## REQUIREMENT
With the pictures left out, please return exactly the line holding "Foto 2 | Celular" and each following line until the entries end.

## DATASET EXCERPTS
• • •

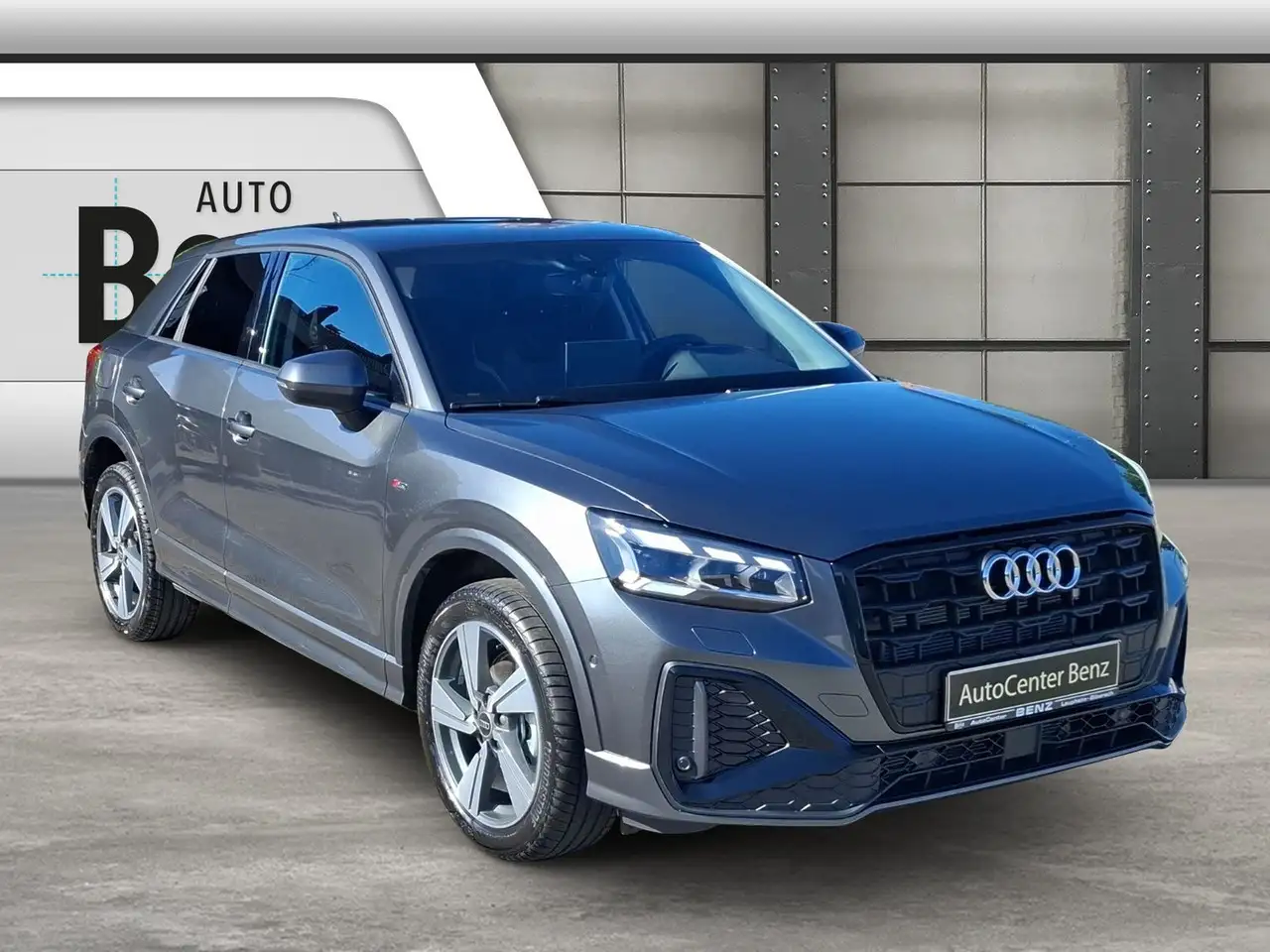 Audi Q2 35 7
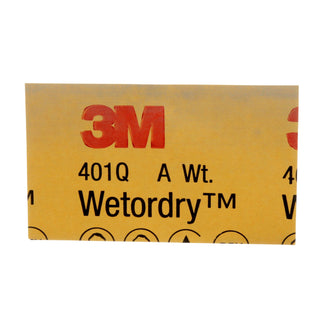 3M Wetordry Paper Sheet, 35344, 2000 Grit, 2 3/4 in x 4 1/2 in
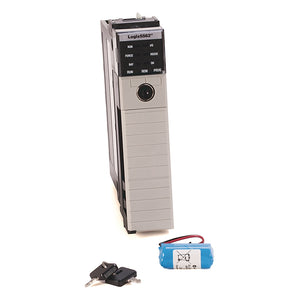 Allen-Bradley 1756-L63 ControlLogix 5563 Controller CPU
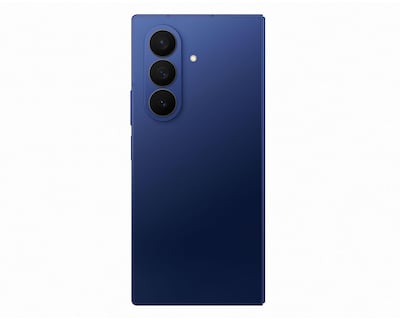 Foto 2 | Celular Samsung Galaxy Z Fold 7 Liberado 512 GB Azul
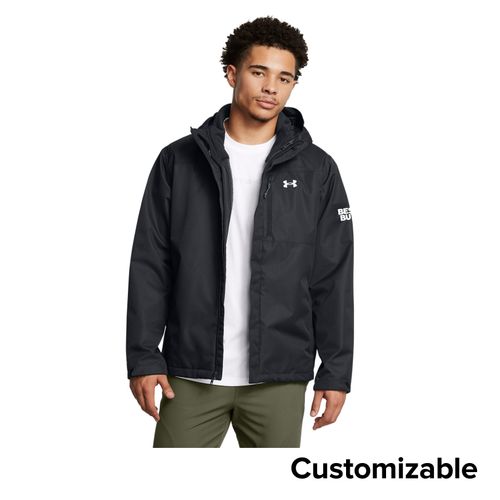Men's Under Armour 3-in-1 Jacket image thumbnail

• • •

## OUTPUT FOR THIS TASK
 Foto 2 | Celular Samsung Galaxy Z Fold 7 Liberado 512 GB Azul
Men's Under Armour 3-in-1 Jacket image thumbnail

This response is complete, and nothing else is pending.